I should offer a couple of qualifications to this. First, the conclusions that Holmes draws, while always accurate, are NOT always logical: he always makes the correct assumption even when the clues suggest other equally valid conclusions. But still. And, as far as a recommendation from me, who is sometimes UNreasoning in this forum, of course these skills are only good when you use them, and not went you don’t. (How’s THAT for reasoning?)
I find that an area of math that isn’t taught in school (that I am aware of) that will train your reasoning is discrete math. Discrete math is cool because you can use it for a lot of real world problems. I especially learned to reason by messing around with programming. Not saying that you have to program to reason, but it will help a lot, because every program you write makes you think logically about a problem. Try solving the problems found on Project Euler. Other ways to train your reasoning skills are to play abstract games such as chess, or better, model them with math, proving and reviewing proofs for math theorems, or studying physics or engineering. Like the guy above me who talked about boolean algebra said, it’s not good to only practice, but also contemplate the things you learn.
Even if the hypothetical stands as given, it can be true if there are two culprits: the party who admitted guilt and one of the parties pleading innocence. Then, one liar, two culprits.
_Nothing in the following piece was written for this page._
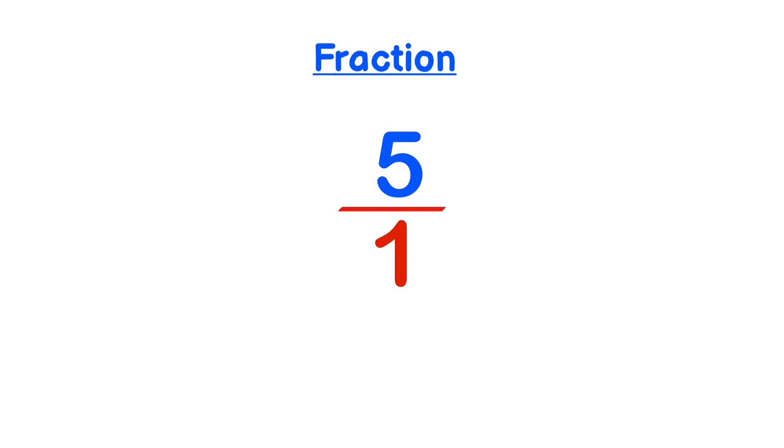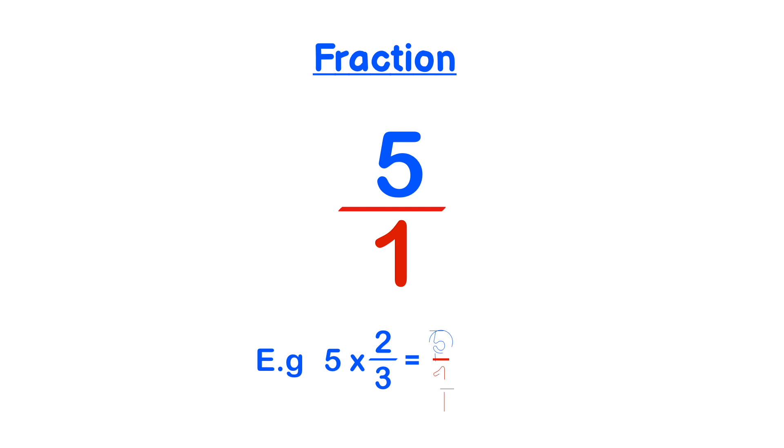So for example, if you wanted to work out what 5 times 2 over 3 is, but you weren't sure how to work with a number multiplied by a fraction, and you were only used to working with fractions, then all you would have to do is write 5 over 1 multiplied by 2 over 3, and then you would just carry on as normal.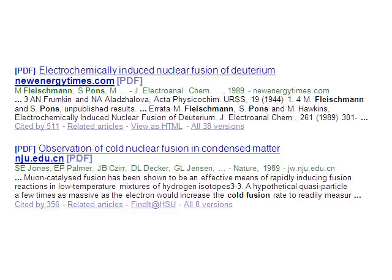Often, being highly cited is an indication of high quality, but not always. An especially bad article may be cited frequently, particularly if it is on a controversial subject or is a good example of bad methodology, as in these examples from Google Scholar.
We know only that “a crime [has been] committed.” Perhaps it was a conspiracy!
Way back when (the rainbow was a new idea at the time) my parents got me the “Wff ‘n’ Proof” game. Now, screw the game; the damn thing is utterly worthless as a game.
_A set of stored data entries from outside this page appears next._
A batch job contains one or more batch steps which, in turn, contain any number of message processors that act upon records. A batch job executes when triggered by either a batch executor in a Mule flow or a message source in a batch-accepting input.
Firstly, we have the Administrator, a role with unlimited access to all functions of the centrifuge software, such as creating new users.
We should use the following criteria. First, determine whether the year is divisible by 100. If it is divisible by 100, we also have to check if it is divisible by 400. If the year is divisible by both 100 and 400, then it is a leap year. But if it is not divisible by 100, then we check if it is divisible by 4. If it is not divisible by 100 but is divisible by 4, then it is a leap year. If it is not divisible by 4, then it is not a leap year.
But as a logic system? Very nice! I sat down and worked all the examples in the book, and thereby picked up a healthy working knowledge of conventional symbolic logic. (Also of “Polish notation,” which was also very useful when Hewlett Packard calculators were the hot new “in thing.”)
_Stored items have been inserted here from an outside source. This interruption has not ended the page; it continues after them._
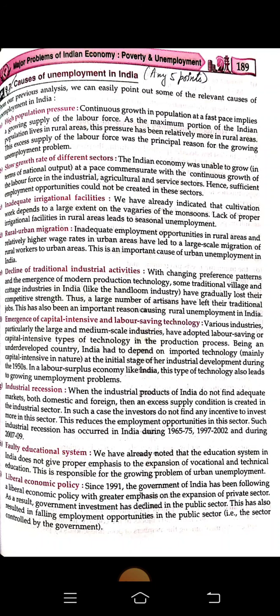People migrate from rural areas to urban areas hoping to find jobs, but it is not possible for urban areas to provide jobs to everyone. Declining traditional industrial activities, emergence of capital-intensive and labor-saving technologies — modern machines require capital investment but need a low amount of labor force.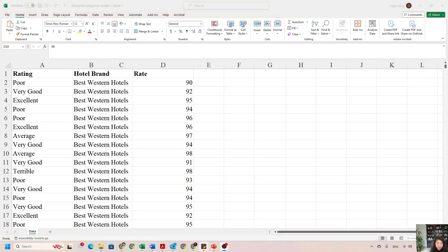Hello everyone. In this video we are going to learn how to create a frequency distribution using the pivot table method. Instead of showing the frequency for category data, we want to see other information — for instance, which hotel brand has the highest average rate, the highest minimum rate, and which hotel brand has the highest total rate. To answer those questions, we are using the pivot table method.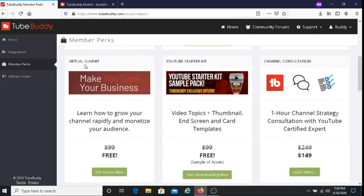We have here the Virtual Summit — 'Make YouTube Your Business.' Learn how to grow your channel rapidly and monetize your audience, and you can get the virtual summit for free. The next perk is the YouTube Starter Kit, where you get video topics, thumbnails, and screen and card templates — all for free.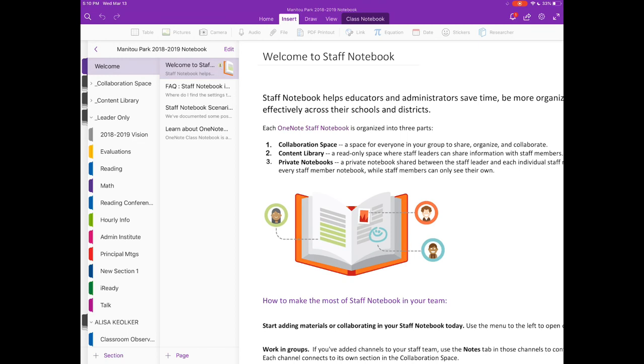Hi, so I am an elementary assistant principal and I'm going to show you how we use Staff Notebook to be more efficient with teachers and feedback and organization.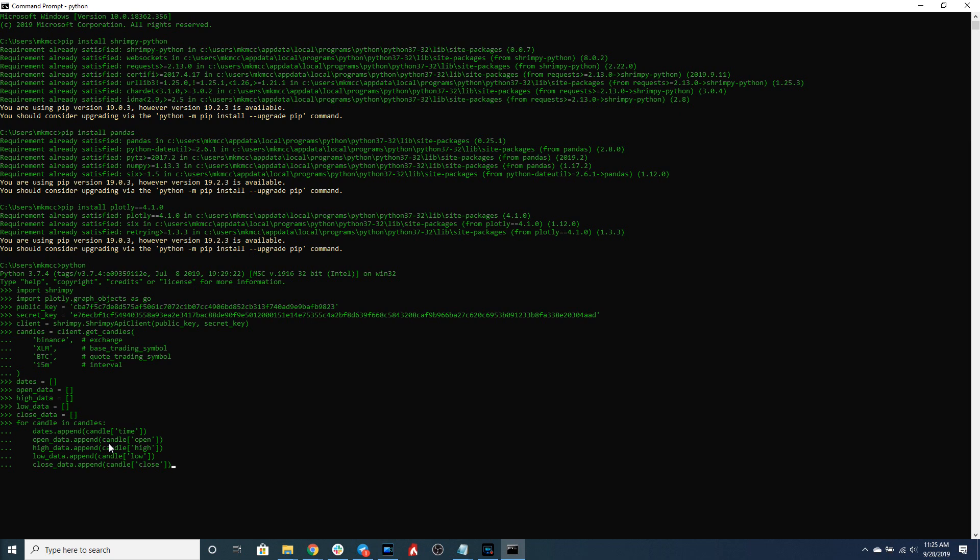When we made that call to getCandles in the previous step, we got the data from the Shrimpy APIs and that data was stored in the candles. So we already have everything, we're just reformatting it here.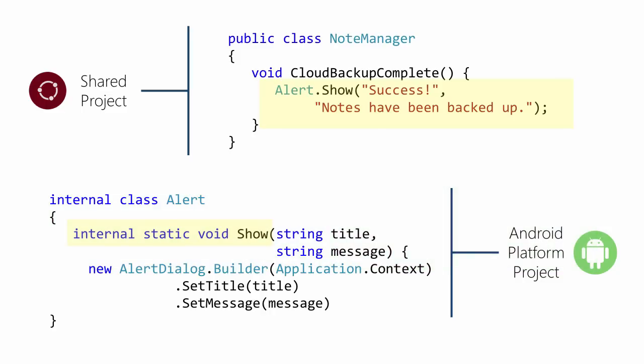This approach is a little more maintainable than conditional compilation, at least in terms of code clarity. However, it can still cause build issues when you aren't always building every platform together.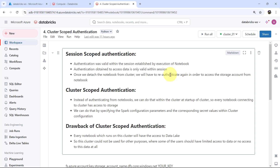First we will understand the theoretical part. Let us start with the Session Scoped Authentication. Here the authentication was valid within the session established by the execution of the notebook, and the authentication obtained to access the data is only valid within that session. Once you detach the notebook from the cluster, you have to re-authenticate again in order to access the storage account. So the authentication is only valid through the session.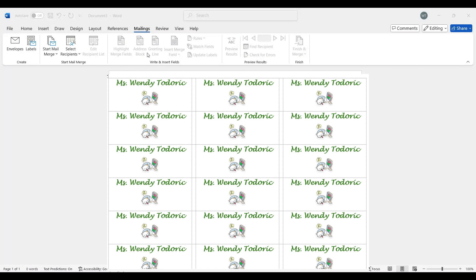And let's say I can change my font color to match the picture of the label. Let's do a little green. And there you go.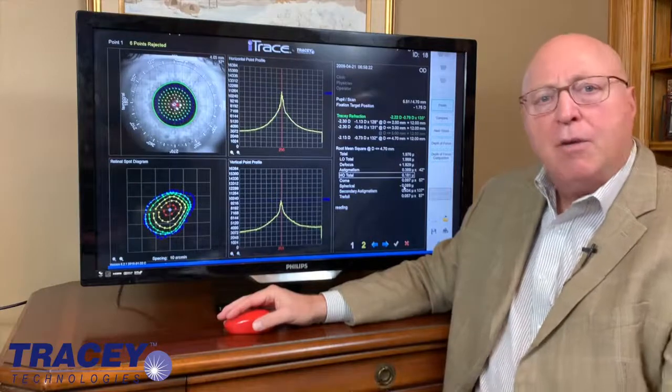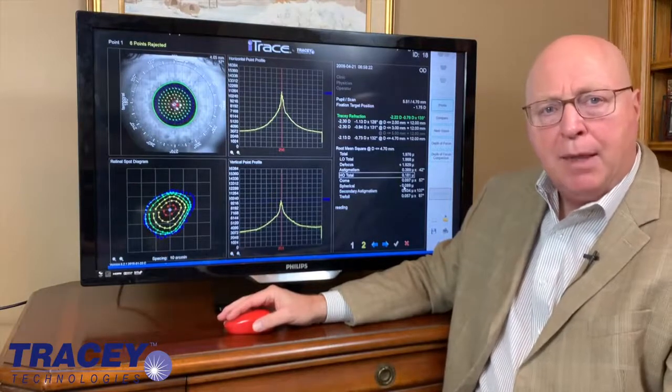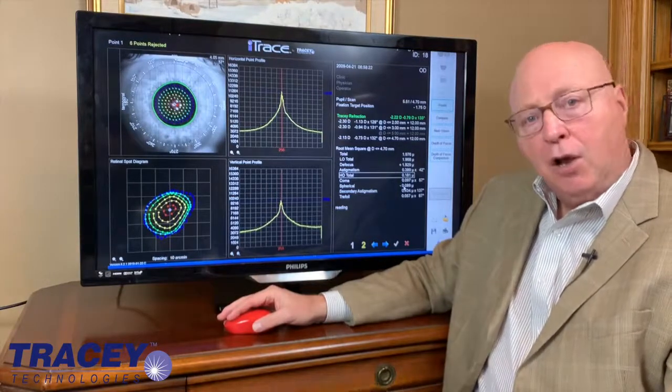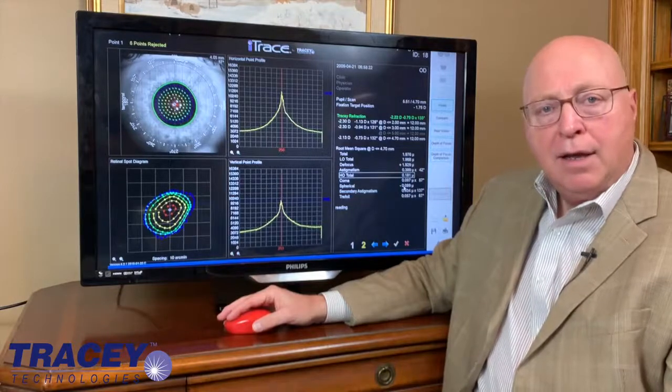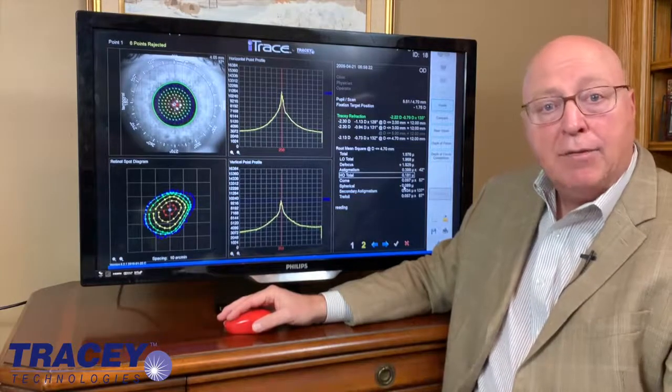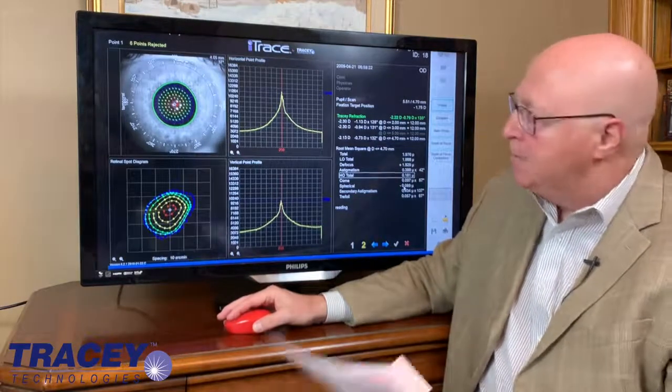So if you're concerned as a LASIK surgeon about whether you're getting a very good refraction before your cycloplegia, look for the internal lenticular. And if it has negative spherical aberration, the patient is accommodating.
(Hey, I’m old. I used to punch IBM cards…by hand!)
There’s logic and then there’s reasoning. I would submit that the latter far exceeds the bounds of the former. So the question then becomes, which is really the one that is important to you?
To improve logic skills, one can study and practice using logic. There are many ways to do this, one “flavor” of logic study is called Boolean Logic, and Boolean Algebra.
This will be useful in understanding the basic logical operators, and how they work in combination (that’s the algebra part.)
I would suggest crawling into the great logical minds. Knowing the steps, memorizing the formulas, etc is all well and good but understanding the philosophy of logic, if you will, goes a lot farther in cementing your mode of thought in my opinion.
Read some Plato, Aristotle, Galileo, Descartes, Einstein and the other great minds.
I was tempted to reply, and then I noticed that this is a zombie thread from 2004. Oh well, I’ll reply anyway, just in case the OP is still around or in case anyone else is interested. Raymond Smullyan has written several good books of logic puzzles which are possibly the best of their kind.
There are several books out there about mathematical problem solving. The classic in the genre is George Polya’s book How To Solve It.
There’s a good series of lectures on mathematical problem solving available from The Teaching Company. (See if you can get it from your library, or, if you’re tempted to buy it from The Teaching Company, be aware that they regularly put their courses on sale for far less than the “regular” price.)
See the MAA Minute Math blog for a daily practice problem, with solution. (The problems there are in geometry, number theory, probability, and other areas of mathematics.)
And, a technique: Learn to break a question down into the possible cases, and consider each case in turn to eliminate those that don’t work out or lead to a logical contradiction. This is the approach I would take with both of the problems given as examples in the OP.